*** Block opens ***

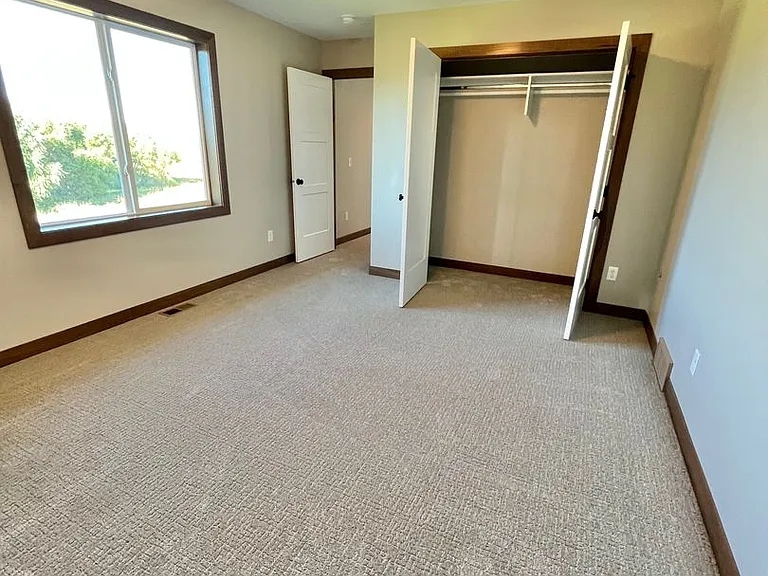 5525 W Liberator Cir — Photo 23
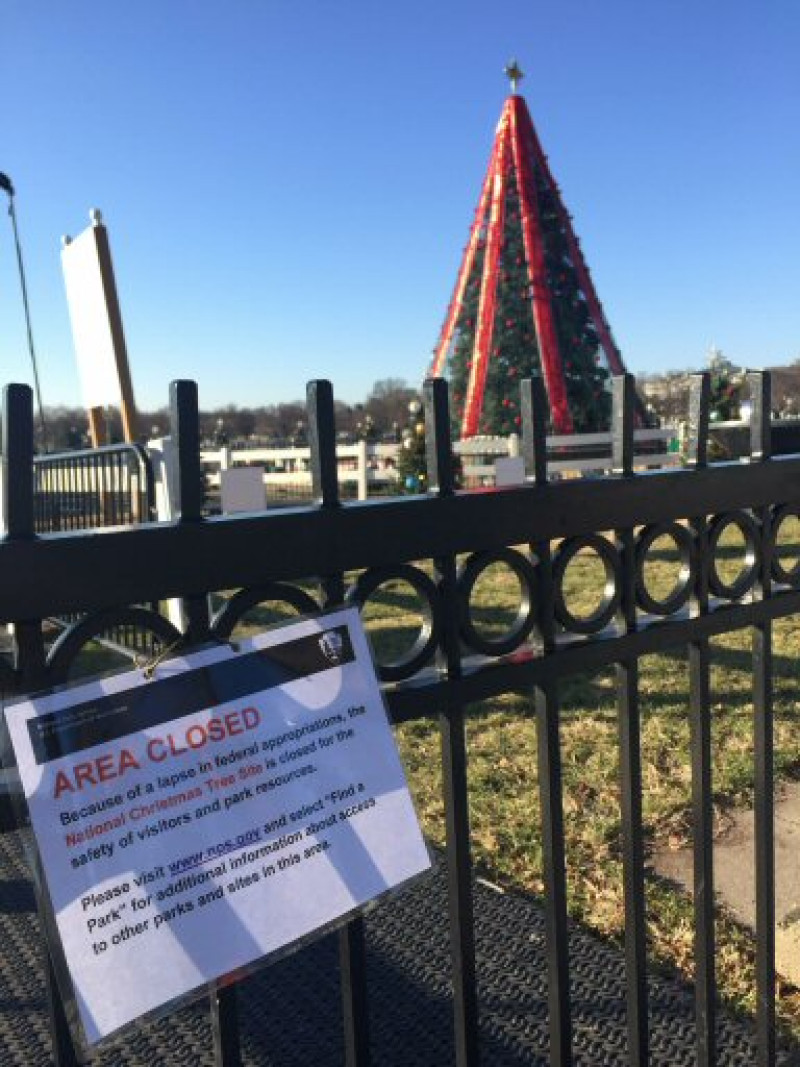 Vista del árbol de Navidad oficial de la ciudad de Washington (EE.UU.), con la verja de hierro cerrada en donde se ha colgado un cartel con el mensaje: "Área Cerrada.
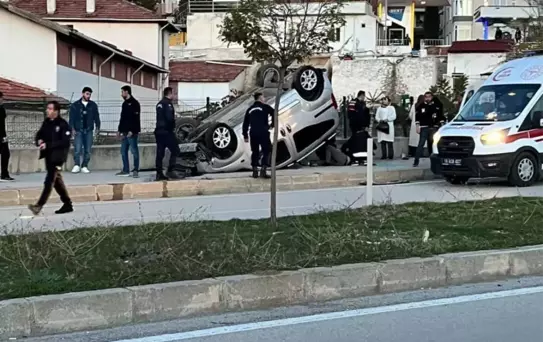 Otomobil Takla Attı, Çocuk Yaralandı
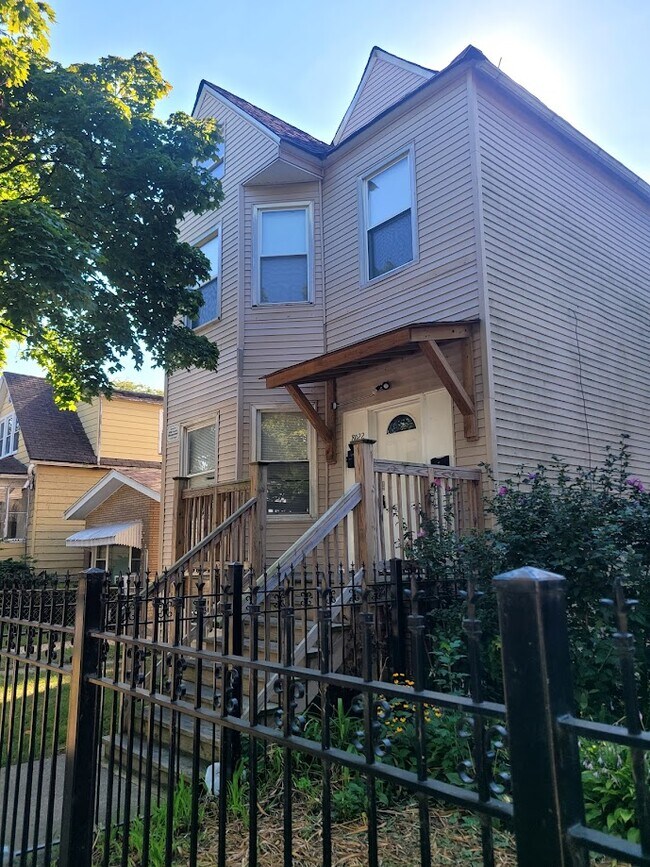 Building Photo - 8022 S Burnham Ave
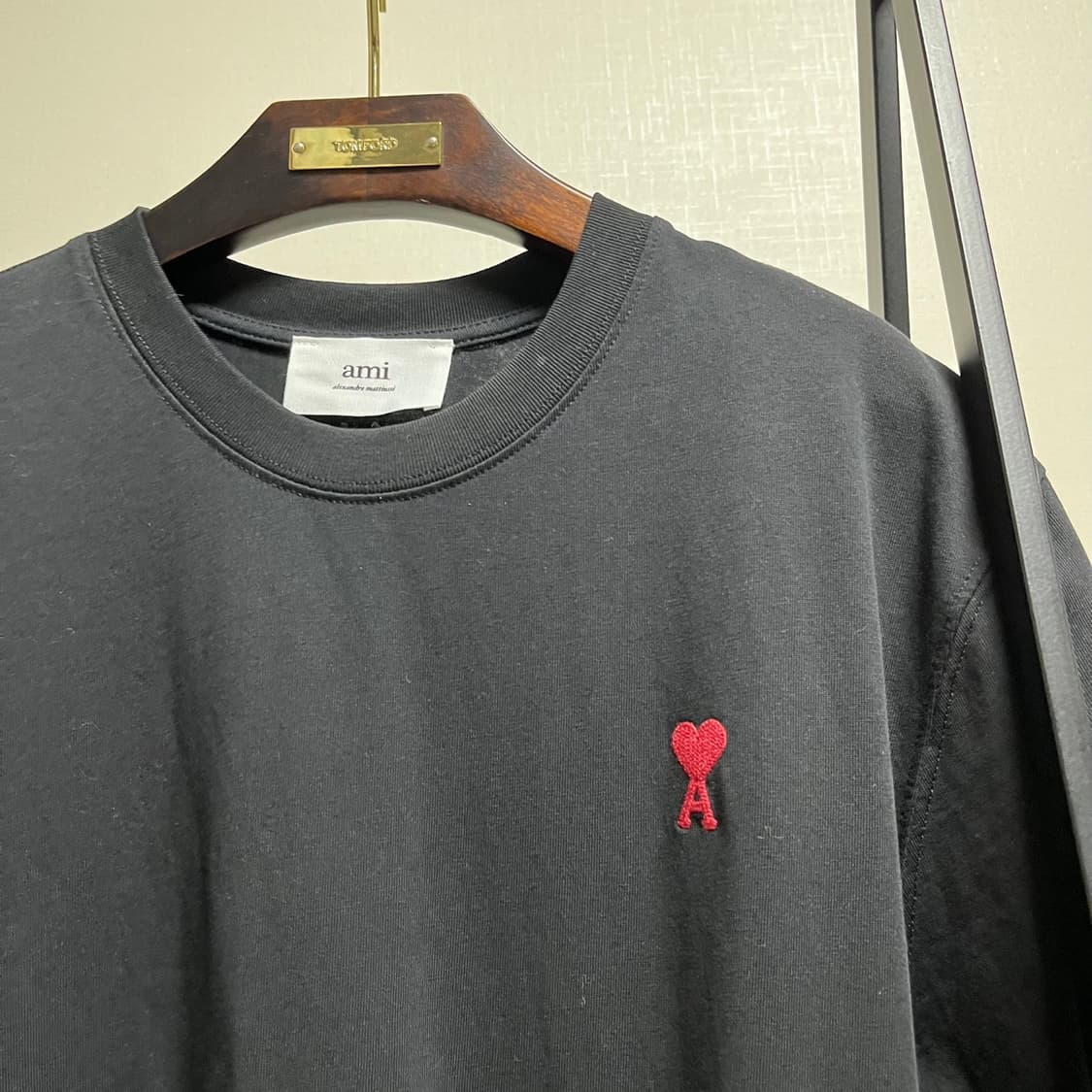 정품 M) AMI 아미 하트로고  반팔 티셔츠 상품이미지3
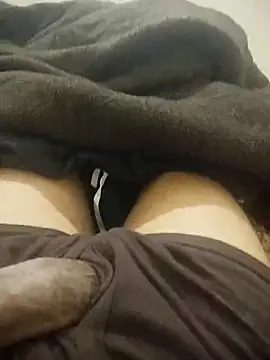 jhonysinc21 online show from February 9, 2026, 5:44 pm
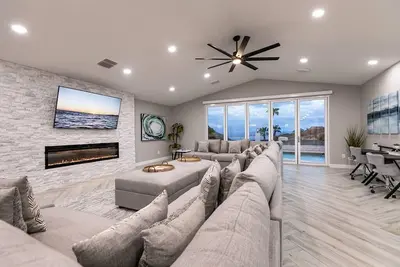 Image de Stunnig Lake View, Heated Pool, Single Story!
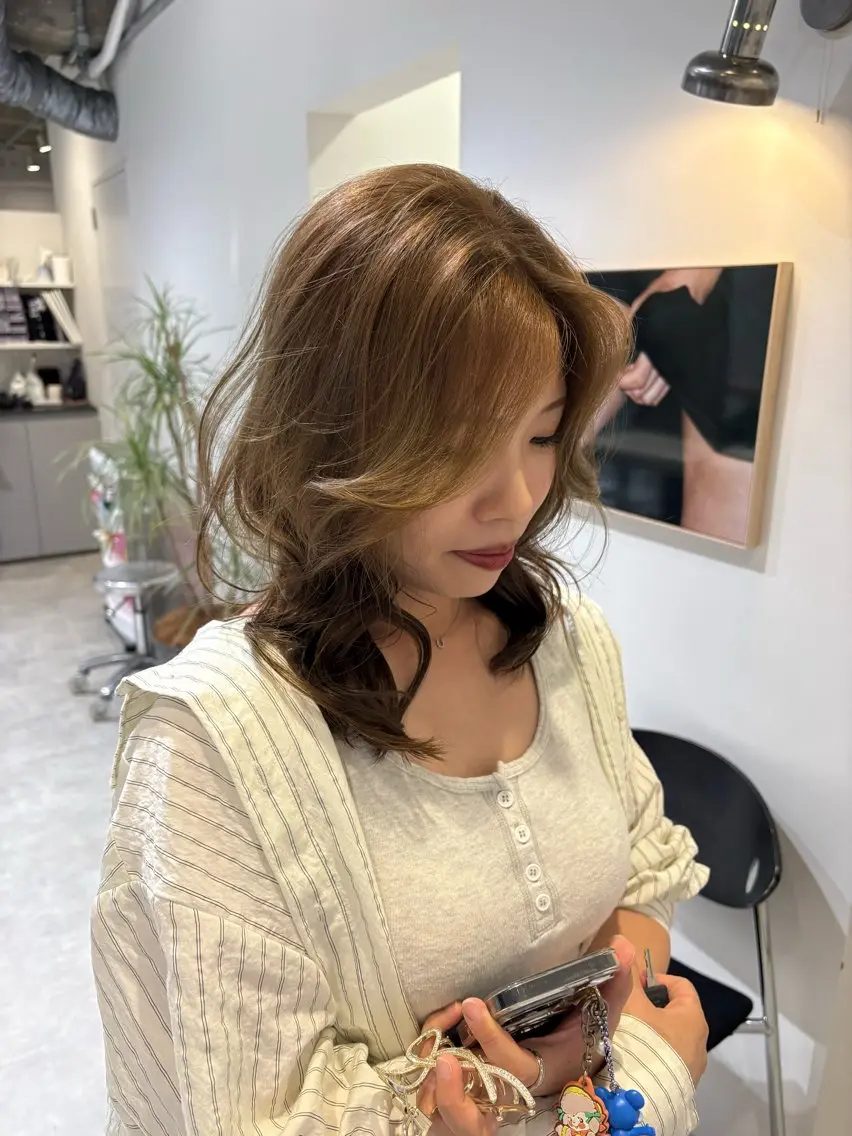 ミディアム カット ヘアカラー トリートメント レイヤーカット ✨️奥田良太✨️のヘアスタイル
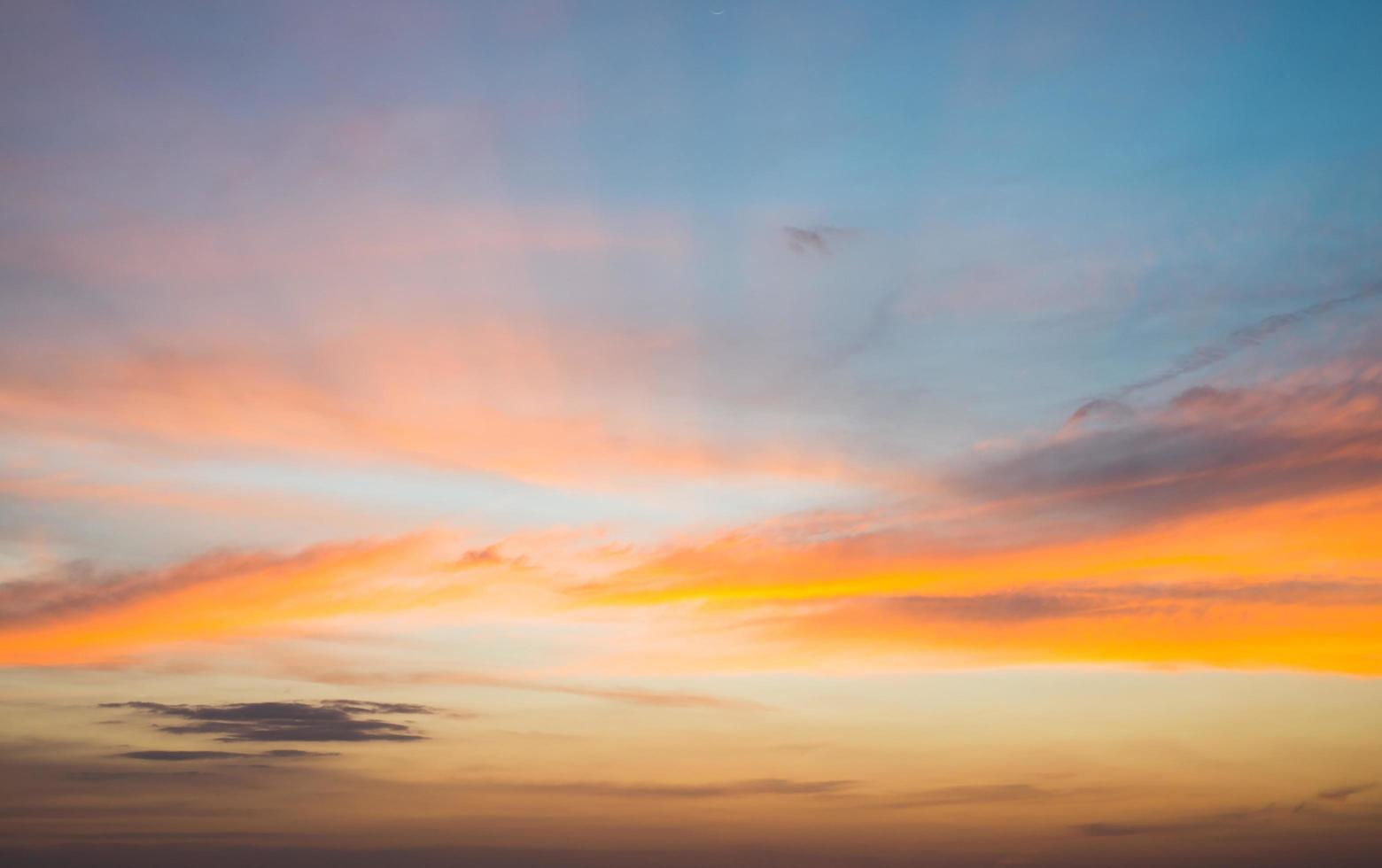 prachtig natuurlandschap met zonsondergang over zee foto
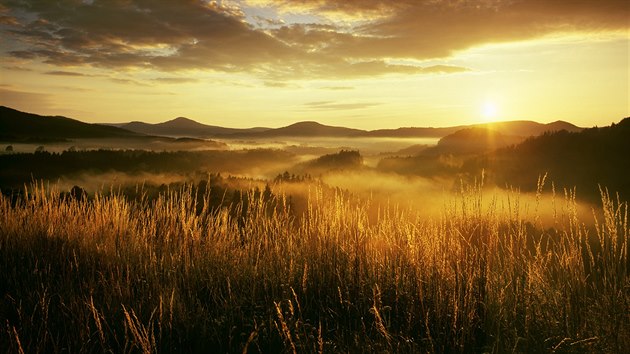 Na snmku Krajina se zlatou trvou je pohled z Kovho vrchu na Luick hory pi vchodu slunce.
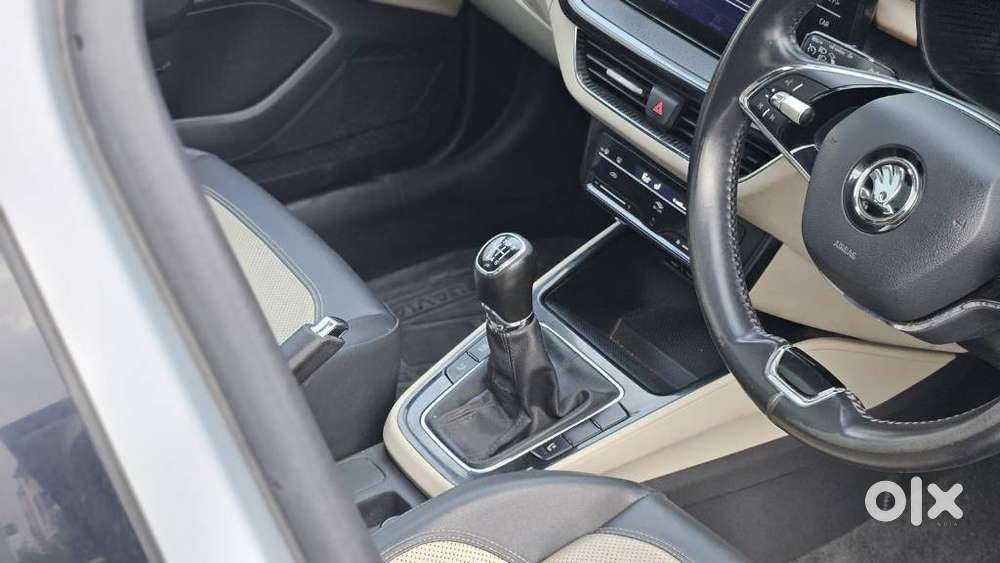 Skoda Slavia 1.0 Tsi Style, 2023, Petrol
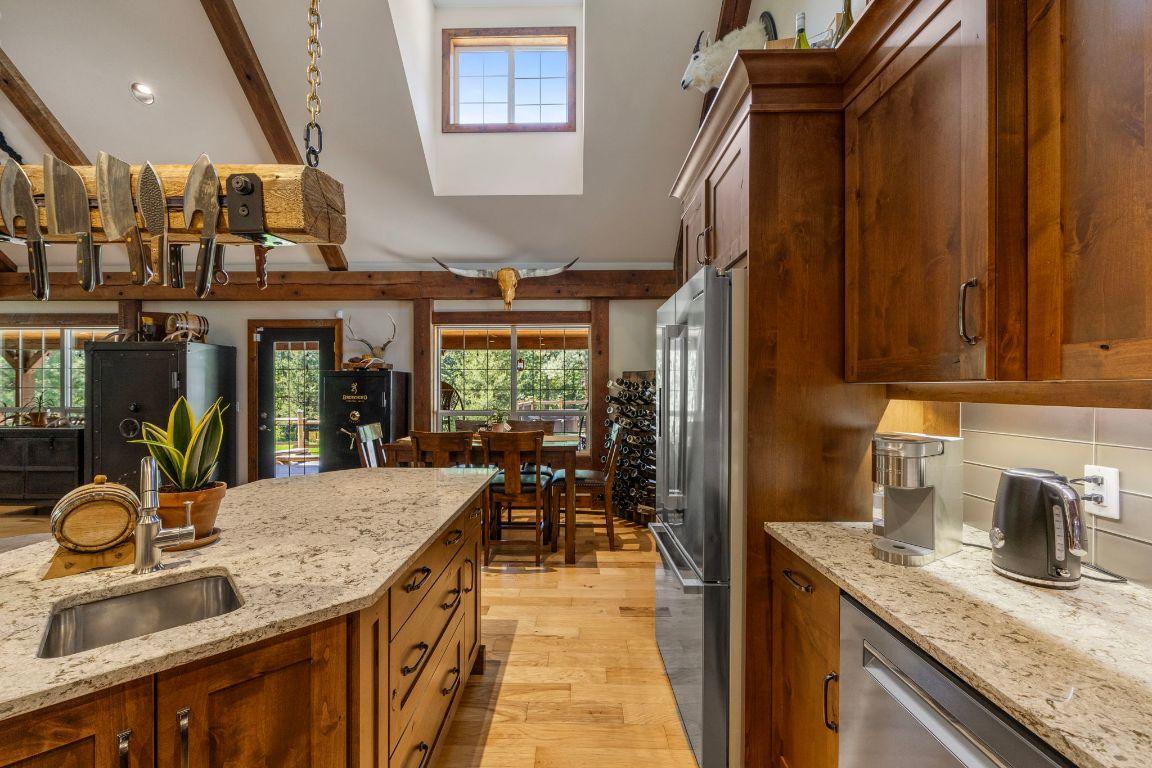 









6241


33

Highway,
Carmi,




BC
V0H 1A0


*** Block closes ***

*TASK REQUIREMENTS*
Repeat the records word for word. Any picture in them should be left out.

*OUTPUT FOR THIS TASK*
 5525 W Liberator Cir — Photo 23
 Vista del árbol de Navidad oficial de la ciudad de Washington (EE.UU.), con la verja de hierro cerrada en donde se ha colgado un cartel con el mensaje: "Área Cerrada.
 Otomobil Takla Attı, Çocuk Yaralandı
 Building Photo - 8022 S Burnham Ave
 정품 M) AMI 아미 하트로고  반팔 티셔츠 상품이미지3
 jhonysinc21 online show from February 9, 2026, 5:44 pm
 Image de Stunnig Lake View, Heated Pool, Single Story!
 ミディアム カット ヘアカラー トリートメント レイヤーカット ✨️奥田良太✨️のヘアスタイル
 prachtig natuurlandschap met zonsondergang over zee foto
 Na snmku Krajina se zlatou trvou je pohled z Kovho vrchu na Luick hory pi vchodu slunce.
 Skoda Slavia 1.0 Tsi Style, 2023, Petrol









6241


33

Highway,
Carmi,




BC
V0H 1A0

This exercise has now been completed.